November 4, 2019 at 5:40 AM  
Blogger Jeffyo said...

The most overtly ducklike I remember a character acting was in "Isle of Golden Geese," where Scrooge sat on a nestful of goose eggs, trying to hatch them. At that point, though he may still have identified human, anatomically he was all duck. Can anyone think of other such instances?

November 12, 2019 at 7:39 AM  
Blogger Miguel Madeira said...

This comment has been removed by the author.

November 14, 2019 at 11:13 AM  
Blogger Miguel Madeira said...

"Can anyone think of other such instances?"

"The Masters of Melody", where HDL argue that they are not made to play violin but to swim ("look to our fingers, look to our feet")

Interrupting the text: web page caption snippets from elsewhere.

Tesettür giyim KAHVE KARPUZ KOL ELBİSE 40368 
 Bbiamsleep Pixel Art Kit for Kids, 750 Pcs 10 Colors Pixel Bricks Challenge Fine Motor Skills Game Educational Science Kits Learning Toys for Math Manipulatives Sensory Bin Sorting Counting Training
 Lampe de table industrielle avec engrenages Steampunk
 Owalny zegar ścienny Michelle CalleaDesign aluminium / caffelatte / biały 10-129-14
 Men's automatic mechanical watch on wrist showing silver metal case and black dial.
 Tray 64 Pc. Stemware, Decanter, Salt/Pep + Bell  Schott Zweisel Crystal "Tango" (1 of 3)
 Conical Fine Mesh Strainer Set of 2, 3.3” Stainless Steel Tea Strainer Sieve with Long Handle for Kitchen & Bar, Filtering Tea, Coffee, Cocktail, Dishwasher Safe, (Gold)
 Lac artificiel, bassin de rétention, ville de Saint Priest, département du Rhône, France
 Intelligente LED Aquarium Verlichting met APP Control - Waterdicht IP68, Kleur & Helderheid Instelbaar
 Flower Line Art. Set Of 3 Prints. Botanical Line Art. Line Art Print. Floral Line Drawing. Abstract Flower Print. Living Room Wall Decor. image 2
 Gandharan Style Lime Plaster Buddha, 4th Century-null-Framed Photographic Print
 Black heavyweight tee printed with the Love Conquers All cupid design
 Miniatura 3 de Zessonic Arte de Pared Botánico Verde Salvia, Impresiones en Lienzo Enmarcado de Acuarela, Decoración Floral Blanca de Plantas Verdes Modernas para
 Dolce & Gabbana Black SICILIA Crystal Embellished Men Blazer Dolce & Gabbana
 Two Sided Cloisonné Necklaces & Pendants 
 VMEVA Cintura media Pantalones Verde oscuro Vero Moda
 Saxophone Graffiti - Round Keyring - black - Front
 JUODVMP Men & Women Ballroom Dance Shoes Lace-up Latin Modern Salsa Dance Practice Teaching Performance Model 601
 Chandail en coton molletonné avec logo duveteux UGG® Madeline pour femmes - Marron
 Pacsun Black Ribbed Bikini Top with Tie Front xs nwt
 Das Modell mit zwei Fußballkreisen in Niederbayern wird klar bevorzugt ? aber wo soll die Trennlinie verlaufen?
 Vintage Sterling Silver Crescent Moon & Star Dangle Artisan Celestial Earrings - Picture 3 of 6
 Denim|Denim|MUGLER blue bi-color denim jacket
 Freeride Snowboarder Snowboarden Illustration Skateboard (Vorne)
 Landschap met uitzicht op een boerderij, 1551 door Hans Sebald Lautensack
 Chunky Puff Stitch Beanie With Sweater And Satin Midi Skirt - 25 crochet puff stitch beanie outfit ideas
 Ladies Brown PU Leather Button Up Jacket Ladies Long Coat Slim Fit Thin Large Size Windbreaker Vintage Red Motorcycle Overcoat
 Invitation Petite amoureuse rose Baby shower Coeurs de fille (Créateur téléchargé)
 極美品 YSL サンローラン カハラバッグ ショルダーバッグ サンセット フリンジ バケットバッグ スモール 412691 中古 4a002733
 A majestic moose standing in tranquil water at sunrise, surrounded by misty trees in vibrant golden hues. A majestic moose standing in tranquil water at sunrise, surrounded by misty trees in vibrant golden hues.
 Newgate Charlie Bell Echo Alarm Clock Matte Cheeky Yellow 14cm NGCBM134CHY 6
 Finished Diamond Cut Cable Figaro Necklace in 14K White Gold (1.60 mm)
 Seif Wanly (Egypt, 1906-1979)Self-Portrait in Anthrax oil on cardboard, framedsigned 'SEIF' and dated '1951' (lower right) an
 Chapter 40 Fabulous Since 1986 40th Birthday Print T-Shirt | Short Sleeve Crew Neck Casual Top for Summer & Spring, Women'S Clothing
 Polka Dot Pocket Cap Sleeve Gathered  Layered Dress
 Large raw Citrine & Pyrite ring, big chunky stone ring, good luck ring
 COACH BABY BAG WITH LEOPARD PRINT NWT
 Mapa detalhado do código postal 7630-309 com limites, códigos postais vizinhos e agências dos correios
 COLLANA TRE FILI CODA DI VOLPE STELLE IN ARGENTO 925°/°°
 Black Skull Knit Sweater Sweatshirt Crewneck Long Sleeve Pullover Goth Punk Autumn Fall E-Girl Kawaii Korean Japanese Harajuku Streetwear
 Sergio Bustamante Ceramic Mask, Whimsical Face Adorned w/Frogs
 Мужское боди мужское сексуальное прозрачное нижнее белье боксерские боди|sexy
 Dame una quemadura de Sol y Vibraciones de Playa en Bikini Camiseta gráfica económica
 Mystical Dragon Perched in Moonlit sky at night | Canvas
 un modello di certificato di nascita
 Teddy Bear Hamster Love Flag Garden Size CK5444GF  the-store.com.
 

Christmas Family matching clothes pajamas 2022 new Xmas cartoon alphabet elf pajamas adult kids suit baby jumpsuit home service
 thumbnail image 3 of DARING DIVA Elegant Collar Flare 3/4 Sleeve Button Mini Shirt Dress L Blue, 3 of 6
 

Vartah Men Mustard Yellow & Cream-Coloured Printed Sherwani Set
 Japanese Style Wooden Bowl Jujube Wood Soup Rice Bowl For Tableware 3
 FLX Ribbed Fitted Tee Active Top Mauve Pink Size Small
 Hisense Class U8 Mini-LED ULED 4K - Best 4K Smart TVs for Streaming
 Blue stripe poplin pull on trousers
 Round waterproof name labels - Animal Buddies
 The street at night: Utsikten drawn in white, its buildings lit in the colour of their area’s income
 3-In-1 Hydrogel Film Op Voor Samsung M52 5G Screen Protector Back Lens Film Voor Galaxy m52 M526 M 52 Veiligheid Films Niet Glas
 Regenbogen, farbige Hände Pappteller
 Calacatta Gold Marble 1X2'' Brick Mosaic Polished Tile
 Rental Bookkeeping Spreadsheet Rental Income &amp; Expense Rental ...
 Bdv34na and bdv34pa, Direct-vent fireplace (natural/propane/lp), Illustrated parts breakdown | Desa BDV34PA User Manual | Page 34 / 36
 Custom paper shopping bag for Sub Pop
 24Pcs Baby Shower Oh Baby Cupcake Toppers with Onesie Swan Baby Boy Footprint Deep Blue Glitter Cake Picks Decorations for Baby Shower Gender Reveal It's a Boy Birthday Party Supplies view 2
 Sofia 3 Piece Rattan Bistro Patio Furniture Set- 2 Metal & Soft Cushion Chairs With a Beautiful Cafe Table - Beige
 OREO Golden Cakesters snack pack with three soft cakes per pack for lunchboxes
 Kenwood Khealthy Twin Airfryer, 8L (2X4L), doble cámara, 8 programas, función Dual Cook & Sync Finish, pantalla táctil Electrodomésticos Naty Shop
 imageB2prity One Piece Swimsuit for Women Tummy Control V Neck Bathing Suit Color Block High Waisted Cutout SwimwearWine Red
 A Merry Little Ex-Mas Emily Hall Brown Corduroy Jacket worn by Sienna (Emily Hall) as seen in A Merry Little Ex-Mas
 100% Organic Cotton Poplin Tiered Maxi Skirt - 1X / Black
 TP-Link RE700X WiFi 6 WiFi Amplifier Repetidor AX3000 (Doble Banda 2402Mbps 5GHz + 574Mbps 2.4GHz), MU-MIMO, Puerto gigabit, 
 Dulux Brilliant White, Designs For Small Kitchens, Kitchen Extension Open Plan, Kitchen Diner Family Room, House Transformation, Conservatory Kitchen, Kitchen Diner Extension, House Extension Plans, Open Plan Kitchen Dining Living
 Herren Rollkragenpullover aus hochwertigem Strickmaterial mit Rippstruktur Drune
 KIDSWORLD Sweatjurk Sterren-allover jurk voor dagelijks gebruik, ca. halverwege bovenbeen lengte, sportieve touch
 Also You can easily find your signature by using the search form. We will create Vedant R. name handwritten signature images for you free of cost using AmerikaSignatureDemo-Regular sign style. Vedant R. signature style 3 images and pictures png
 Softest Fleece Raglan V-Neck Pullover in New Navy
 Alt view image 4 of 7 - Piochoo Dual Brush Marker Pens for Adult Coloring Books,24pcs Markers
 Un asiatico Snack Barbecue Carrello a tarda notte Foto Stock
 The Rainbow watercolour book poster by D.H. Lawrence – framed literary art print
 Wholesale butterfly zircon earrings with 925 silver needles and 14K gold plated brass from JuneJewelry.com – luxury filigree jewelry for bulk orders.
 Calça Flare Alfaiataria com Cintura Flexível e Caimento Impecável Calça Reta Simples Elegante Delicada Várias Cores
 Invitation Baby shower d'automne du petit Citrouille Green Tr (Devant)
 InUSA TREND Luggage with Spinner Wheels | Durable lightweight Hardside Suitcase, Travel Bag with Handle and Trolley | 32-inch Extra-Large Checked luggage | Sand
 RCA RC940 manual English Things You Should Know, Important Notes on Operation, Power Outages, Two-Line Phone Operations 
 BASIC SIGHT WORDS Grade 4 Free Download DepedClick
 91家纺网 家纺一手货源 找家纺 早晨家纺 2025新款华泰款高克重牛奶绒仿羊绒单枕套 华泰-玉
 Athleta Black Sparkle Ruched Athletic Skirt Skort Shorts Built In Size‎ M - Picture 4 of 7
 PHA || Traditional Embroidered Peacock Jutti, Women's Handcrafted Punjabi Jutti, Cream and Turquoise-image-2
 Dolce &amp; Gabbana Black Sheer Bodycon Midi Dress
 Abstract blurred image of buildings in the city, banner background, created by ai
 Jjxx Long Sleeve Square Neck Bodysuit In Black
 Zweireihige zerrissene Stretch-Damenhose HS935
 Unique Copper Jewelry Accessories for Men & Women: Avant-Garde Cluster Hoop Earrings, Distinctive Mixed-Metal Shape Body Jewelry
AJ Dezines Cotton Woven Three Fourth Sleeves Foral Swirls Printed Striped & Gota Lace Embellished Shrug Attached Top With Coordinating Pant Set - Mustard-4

November 14, 2019 at 11:14 AM  
Blogger Nerdytimes said...

In the Finnish version of the story, Daisy's demands are pretty funny. They start off as relatively sane, but then she starts mixing up words so that they soon turn into something completely deranged, like:
Donald: S-so you've been waiting for me?
Daisy: You dare to ask! You were supposed to fix up the roof, paint the living room, go to store, shear the lawn, cook potato gruel, wash the dishes, do the laundry, clean the windows, repair the socks...
Donald: Pardon me?
Daisy: Precisely! You were supposed to paint the lawn, wash the roof, repair the dishes... No, I mean...
Donald: Err... I don't follow. Please explain once more.
Daisy: Mrrh! Donald Duck, you're driving me insane! You have to cook the lawn, repair the windows, launder the potato gruel...
Donald: Launder the gruel and cook the lawn? That's it, Donald out.
Daisy: Get back, you lazy worm! You must fix up the store, wash the living room...
Donald: A few nuts seem to be missing from Daisy's skull, too.
(Now that I think about it, the idiom "the skull is missing nuts/the bolts in the skull are loose" probably doesn't exist in English. It implies that the person we're speaking of isn't quite right in the head. I used some artistic license with the other idioms in the dialogue, but translated that last one literally, as I found it pretty funny.)